信じるからこそ「お金」が回る

大竹 一方で、「お金」があるからこそ、社会や経済がうまく回っている側面を見逃してはなりません。

「お金」がない時代、人間関係が確立されていないところでの経済取引は、相当な困難を伴ったはずです。相手がどんな人かわからなければ、正当な交換が行われるかどうかわかりません。そこに「信頼」が成り立っていないからです。

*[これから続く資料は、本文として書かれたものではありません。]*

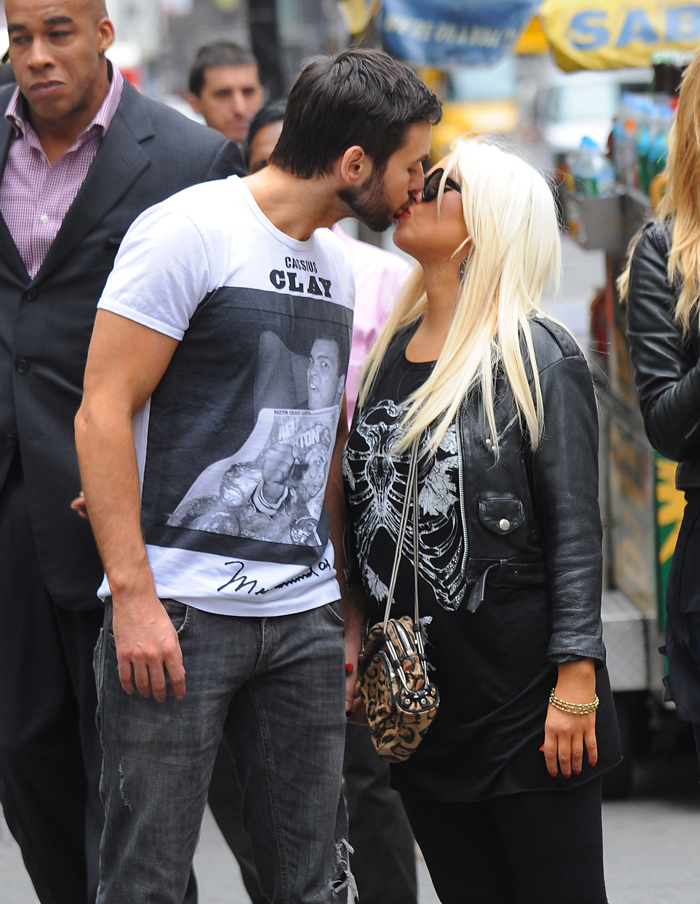  Christina Aguilera da beijinhos no namorado durante passeio, em NY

「お金」は、その「信頼」を肩代わりしてくれます。相手が誰であるかを知らなくとも、「お金」を媒介にして、交換を成立させることができます。そもそも、いまの「お金」は「信頼」で成り立っています。紙幣にはモノとしての価値はありませんが、日本銀行が「お金」としての価値を保証していて、日本中の人が日本銀行、そしてそれを支える社会システムを「信頼」しているからこそ、「お金」としての価値を持つわけです。さらに、社会全体で「お金」という同じ基準を持つことで、一対一の人間関係がないところでも信頼関係が築きやすくなった、とも言えるでしょう。

 さらに、金融の世界の「お金」の貸し借りは「信頼」にもとづいていますし、インターネット上での経済活動も、買ったものが送り届けられるという「信頼」があるからこそ成り立っています。「信頼」によって、社会の経済活動が円滑になっているのです。

タダ乗りを防ぐのは楽じゃない

――社会の仕組みが「信頼」を前提にしているということですが、「おかね道」の企画展では、「お金」を払わずに便益を得る「フリーライド(タダ乗り)」の問題を取り上げています。こうした問題と「信頼」との関係は、どのように捉えればよいのでしょうか?

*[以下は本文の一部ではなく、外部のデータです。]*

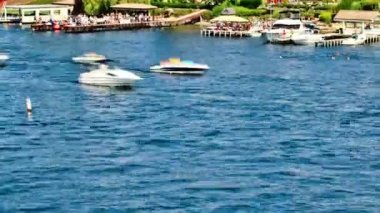 Lake Washington tarafından geçen tekne trafiği kaydırma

大竹 これは非常に難しい問題です。ある程度までは、人間の善意が「信頼」を自発的に育む側面に期待することもできますが、一方では、人間は誰しも、誰も見ていないところでは自分だけ得をしたいという側面もあります。この二面性には個人差がありますし、どちらが強く出てくるのかは、実験の条件によっても結果は大きく変わります。

 たとえば、日本の伝統的な村落共同体は、メンバーシップを固定して一生を同じ場所で過ごすようにすることで、「フリーライド」したくてもできないさまざまな仕組みをつくっていました。それが行き過ぎると窮屈な監視社会になりますが、それがうまく行動規範として内面化されると、思いやりの心が育まれます。

 これは、「社会的制裁」という負のインセンティブによるタダ乗り防止のひとつの例ですが、反対に、集団に協力的な行動に対して報酬を与える正のインセンティブによって、「フリーライド」を防ぐという方法もあります。

 ただし、報酬には報酬でマイナスの要素があります。報酬を得ることが目的になると、もともとあったはずの善意が失われてしまうこともあるからです。これを「内発的動機づけの喪失」といって、楽しむために始めたことに報酬を与えると、その楽しみが削がれてしまうことが知られています。「おかね道」展の「実験5」がまさにこの点をテーマにしています。

 このように、正負どちらのインセンティブにもそれぞれ一長一短がありますし、人々の行動にどういう影響を与えるのかは、実際にやってみないとわからないところもあります。試行錯誤しながら制度をつくり、改良を加えていくしかない難しさがあります。